The lessons (so far) in a nutshell

  1. Sometimes, 12 likes on a post or a reel brings an interested (and, with any luck, kind) new subscriber or invested follower, while 9,974 likes brings nothing but a number.

  2. When you put yourself out there (intentionally or otherwise), be prepared. Many of the comments on the reel were so mean that I deleted them. There will always be someone who says something illogically unkind. It’s almost never about you. My delete/block/ignore game is strong, but strangers saying horrible things to/about you sucks. And I’m 50! It hurts my heart to imagine how much this affects teenagers. 

  3. Sometimes, it's best to focus on the one new friend or connection you make that you might not have otherwise connected with instead of the expectation for how many things you'll sell or new followers/clients/admirers you'll instantly receive. In this case, I made a wonderful new connection (the creator of the original reel). He’s working on a book. (Who isn’t? And why haven’t you joined Book Writing Made Simple yet? {wink})

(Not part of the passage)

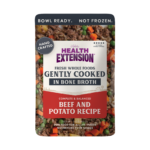 Health Extension Gently Cooked Beef And Potato Recipe Wet Dog Food, photo 2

  4. Several people I shared the original reel with (before I made the duet) laughed out loud, which made me happy because spreading joy is one of my favorite things to do (besides making up new words).

  5. Interesting statistic: The reach outside my followers was 1.2 million. Reach TO my followers was 0.  ZERO! THE ONLY PEOPLE I INTENDED TO SHARE THIS WITH WERE MY FOLLOWERS, AND NONE OF THEM WERE SHOWN IT! I find this most perplexing. In short, I'll never understand the algorithm, which is fine since I've never had a strong desire to understand it.

  6. There has been a small uptick in activity on my IG account. The reel I posted a few hours prior (about book writing) went from 172 views to 477 and from 12 likes to 17. Yay? 

  7. If the increased 5 likes on a reel are from people who got value and will be more compelled to keep writing, FANTASTIC! If even one of the new 130 followers in’t a robot and will contribute to my community? GREAT! Otherwise, this was fun, but by no means any sort of magic bullet (those don’t exist, by the way.) 

  8. This reel, which is getting 53429% more plays than any of my last 5 reels, has nothing to do with book writing. It has nothing to do with…anything really. It feels WEIRD to be so seen for something so obscure when I work day-in and day-out to get out a message that matters to me! But hey, maybe this is the universe’s way of giving me a boost. If so, I’ll take the good, leave the not-so-good, and carry on!

  9. It must be REAL HARD to be sponsored or an influencer or otherwise rely on your views for compensation/validation. It also must truly suck some days to be well-known and have everything that comes out of your mouth be criticized or outright attacked by someone. Even the word “croissant” can be weaponized! 

  10. Both "success" and "failure" are a flash in the pan, and we can control very little of the narrative. Think back to most American Idol winners and  runners up. Where are they? Rihanna's half-time performance? All anyone was talking about was whether she was pregnant --- not her makeup line (which she was clearly promoting). No no one is talking about it anymore because she didn’t perpetuate the conversation.

  11. The onus is on the creator to sustain the momentum of anything and be able to hold it. People hit the New York Times bestseller list, and then there’s an expectation that they keep that momentum going even if they aren't sure how to do so. But it's nice to get to DECIDE whether we want to figure out how to sustain the momentum of something, not be expected to.

  12. The notion that any of us has to do anything in order to realize "success" is absurd. Some authors LOVE touring and imply that it's required if you want to be successful. You either  love the idea, or you don’t. Either is fine. Colleen Hoover doesn’t do the circuit. Neither does Liz Gilbert. You could argue that they’ve gotten to the point where they don't have to, but you could also argue that if they don’t work to stay present, they’ll be forgotten. That’s not happening.

  13. We can always find at least ONE win from every experience. Mine? Thank God I didn’t go viral for saying something grammatically incorrect.